Nietzsche dijo “Dios ha muerto” y con sus palabras le clavó un puñal al cristianismo. Encendió la polémica, y para destruir aquella frase, sus enemigos se han dedicado durante 130 años a destruirlo a él. Lo han difamado de todas las formas posibles y lo mataron en decenas de miles de ocasiones después de que hubiera muerto dos veces. La primera, de locura. La segunda, por una neumonía. Sin embargo, sus libros, su pensamiento y sus frases siguieron dando vueltas y vueltas por ahí, y se multiplicaron casi hasta el infinito, muy a pesar de la orden de silencio y sangre que algunos impartieron.

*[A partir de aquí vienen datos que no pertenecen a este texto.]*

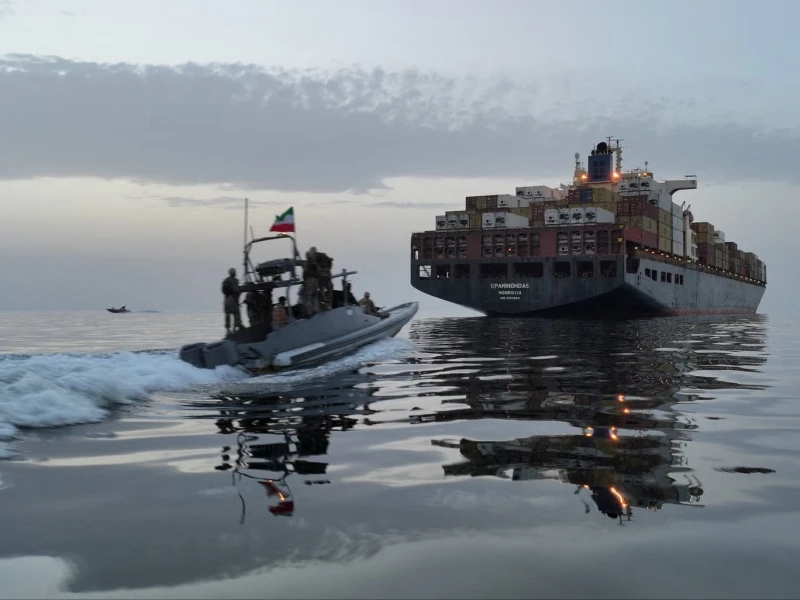 Iran áp luật mới với eo biển Hormuz Iran áp luật mới với eo biển Hormuz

Alguna vez dijo que él ya no aspiraba a la felicidad sino a su obra. De alguna manera, su obra era su felicidad. Se aferró tanto a los libros, a sus escritos e ideas, que por su obra lograba olvidar de tanto en tanto sus migrañas, el dolor en los huesos, la acelerada ceguera, el desvarío. Desde niño se entregó por completo a aquello en lo que creía, y si de adulto mató a Dios, en su infancia y durante gran parte de la adolescencia lo veneró. Tal vez su crimen comenzó a gestarse desde la decepción que fue sintiendo cuando comenzó a comprender que nada era como se lo habían dicho.
Él, que se había educado bajo los preceptos de su padre, el pastor Carl Ludwig Nietzsche. Él, que según Werner Ross, uno de sus biógrafos, parecía entrar en trance cada vez que escuchaba El Mesías de Händel, que solía decir que todo era obra de la mano bienhechora y santa de Dios, y que el día de su confirmación le escribió a un amigo, Wilhelm Pinder, “Con la seria promesa entras en la fila de los cristianos adultos que son genios por merecedores del más preciado legado de nuestro Salvador…”, afirmó y subrayó muchos años después que sólo creería en un Dios que “supiese bailar”.
Entonces habló de las tres transformaciones del ser humano. De “Cómo el espíritu se convierte en camello, cómo el camello se convierte en león, y cómo el león, por fin, se convierte en niño”.